私はお風呂へ行ったら適当に寝ますから。」
目を細めた佐々木課長の微笑みがやっぱり寂しそうで、再び頭に手をやって髪をクシャッとさせる姿に気づけば口から勝手に言葉が転がり落ちていた。
「しましょう!添い寝!」
驚いた様子の佐々木課長の動きが止まったと思ったら、急に抱きかかえられた。
「え?な……どうしたんですか?」
「早く寝かせるためです。」
「え?え?」
戸惑う心春は佐々木課長の部屋に連れていかれ、トサッと優しくベッドの上で離された。
添い寝しましょうとは言ったけど、何?この展開。
「ほら。体が冷えてますよ。」
体が冷えているから?
突然の佐々木課長の行動に戸惑って固まって動けない。
「眠れるまで側にいましょうか?
人の呼吸や心音を聞くと落ち着いて眠れるそうですよ。
一番いいのは眠っている人のにおいを嗅ぐといいそうです。」
ほらっと言った佐々木課長が隣に寝転がって、自分の胸に心春の体を引き寄せた。
「に、においって………。
佐々木課長はお酒くさいです。」
「ハハッ。
それはすみませんでした。
でも嗅ぐのは眠った人のにおいですよ?
今は心音で我慢してください。」
本当はお酒のにおいに混じって男の人のにおいがしてドギマギしてしまう。
言われた通り体が冷えていたのか、お酒を飲んでいる佐々木課長の体温はあたたかくてぬくもりが心地いいのに、ホッとできる状況でもない。
できるだけドギマギを気にしないで済むように耳の方に意識を向ければトクトクトクと心地よい音が聞こえて確かに安心する。
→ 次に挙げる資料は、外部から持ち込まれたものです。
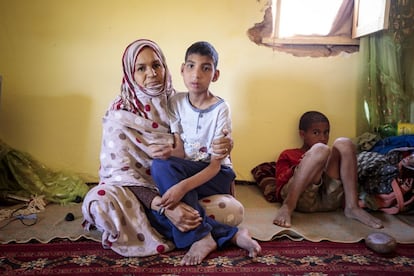 Buda no puede hacer nada por sí mismo, y su madre Zeinab agradece la ayuda de los vecinos. Su esperanza es que su hijo consiga ganar autonomía y que, al menos, pueda ir al baño él solo.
しばらく心地よい心音に耳を傾けているとトクトクの音とぬくもりに緊張も薄れていく。
「本当ですね。
眠れそう………って佐々木課長が寝てる。」
穏やかな寝顔の佐々木課長はスースーと規則正しい寝息を立てていた。
思えばこんな近くで整った顔立ちをまじまじと見たことはない。
「まつ毛まで長い…………。
綺麗な顔だなぁ。
あ、首すじにほくろ発見。
…………ほくろまで色っぽいなんて本当、嫌味。」
観察しても、何をつぶやいても怖くない。
すごく優越感を感じる。
酔っている佐々木課長は怖くないんだけど、それでもこんなにジッと見ることははばかられる。
「本当になんで私を住まわせてくれたんだろう。」
声に出してみても答えは分からなかった。
佐々木課長が言っていた寝てる人のにおいにやられたのか、規則正しい寝息が心地よかったのか……。
いつの間にか心春も佐々木課長に寄り添うように眠っていた。